A whole series of alienations has spread to separate us from all that surrounds us; social alienations, so commented upon by anarchists and Marxists alike, include private property, exchange, and the division of labor: all that separates us from our conditions of existence.  Within capitalism, social alienations interpose themselves between humans and their activity.  Most directly, alienation is the gap between desire and what is socially valued (for capitalism, valued as productive of surplus value).  Yet alienation occurs on another level as well:  that of the alienation of power, our power to act, which is separated from us and instituted in the State form.  The young Marx commented on this, although in later Marxists a critique of alienated power is painfully absent.  The maintenance of alienated power is what politics is all about: it is the apportioning or arrangement of alienated power.  Parties are political in that they try to claim a portion of alienated power by claiming to represent the interests of a section of society.  An anti-politics is a self-organization of people’s power not a claim on alienated power; it is the self-activity of people reclaiming their power by using their power and the fight against its realienation into permanent institutions.

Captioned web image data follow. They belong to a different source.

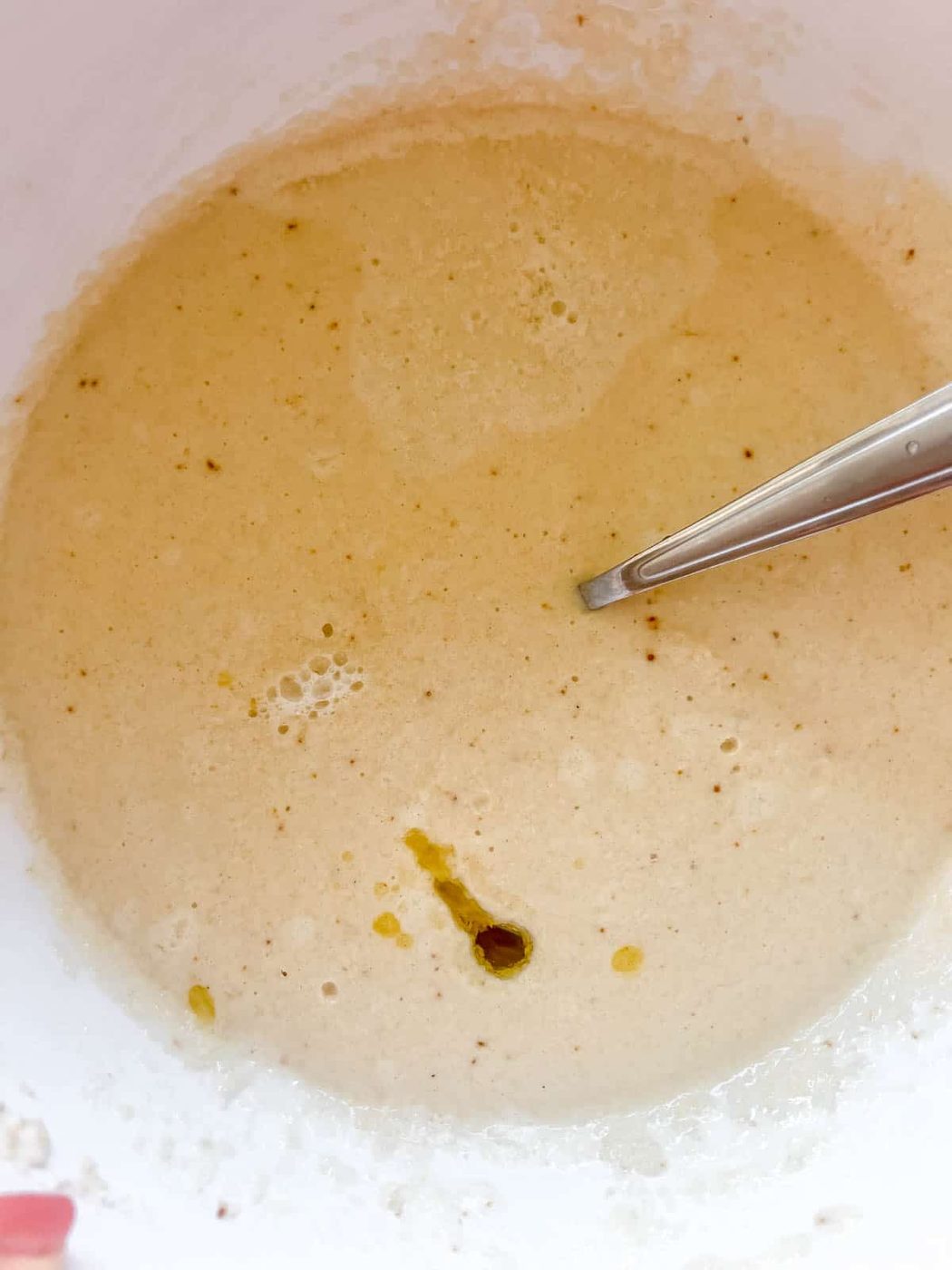 The wet and dry ingredients mixed together for paleo pancakes.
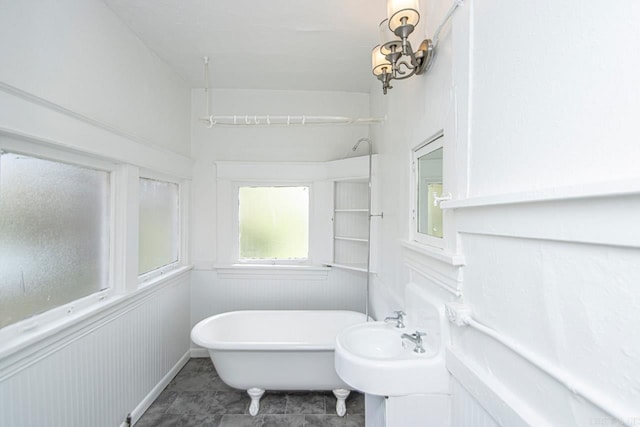 full bath featuring a soaking tub and a wainscoted wall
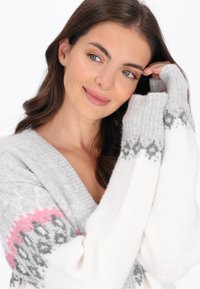 Graue und weiße Strickjacke mit pinken Akzenten; V-Ausschnitt, gerippte Bündchen und eine weiche Textur; mit geometrischem Muster an den Ärmeln.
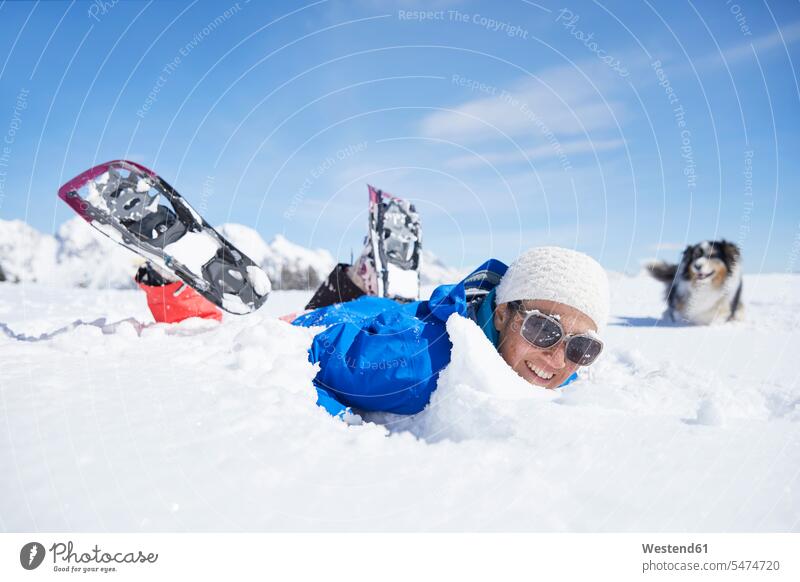 Österreich, Tirol, Schneeschuhwanderer und Hund amüsieren sich im Schnee lachen Freude freuen Winter winterlich Winterzeit fallen Sturz stuerzen hinfallen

Unfortunately, many anarchists today also seem to lack any critique of alienated power:  this has become especially clear during the recent sweep of anti-globalization protests.  Some anarchists are calling for a shift to a form of alienated power different from the one we have at present, and yet not questioning the alienation of power in general:  this usually takes the form of a vague call for more democracy, which maintains and institutionalizes a separation between decision and action  (See our article “The Anarchist Ethic in the Age of the Anti-Globalization Movement” in this issue for a more in depth discussion of alienated power and the current anti-globalization protests.)  Secondly, it is important to understand value as an activity and pertaining to activities; in this society, economics usually defines value as pertaining to objects, thus activities and processes are ideologically reified into things.  Therefore, capitalist valorization also alienates us from our power to act, from our activity, and from our desires.

Yet some anarchists take the critique of alienation much further.  Social alienation, in the form of private property, exchange, the division of labor, and alienated power, can be thought of as second order alienation.  These are specific forms that first order alienation takes in our society.  The split between Subject and Object is a first order alienation; it is based in a consciousness which is self-reflexive in its understanding of itself.  This alienation of Subject and Object, of human and nature, is mediated by productive activity and language.  However, rejection of all mediation and alienation in general is close to a mysticism in its idealization of the identity of the Subject and Object.  This is an idealization of nature and demands forgetting species consciousness, language, etc.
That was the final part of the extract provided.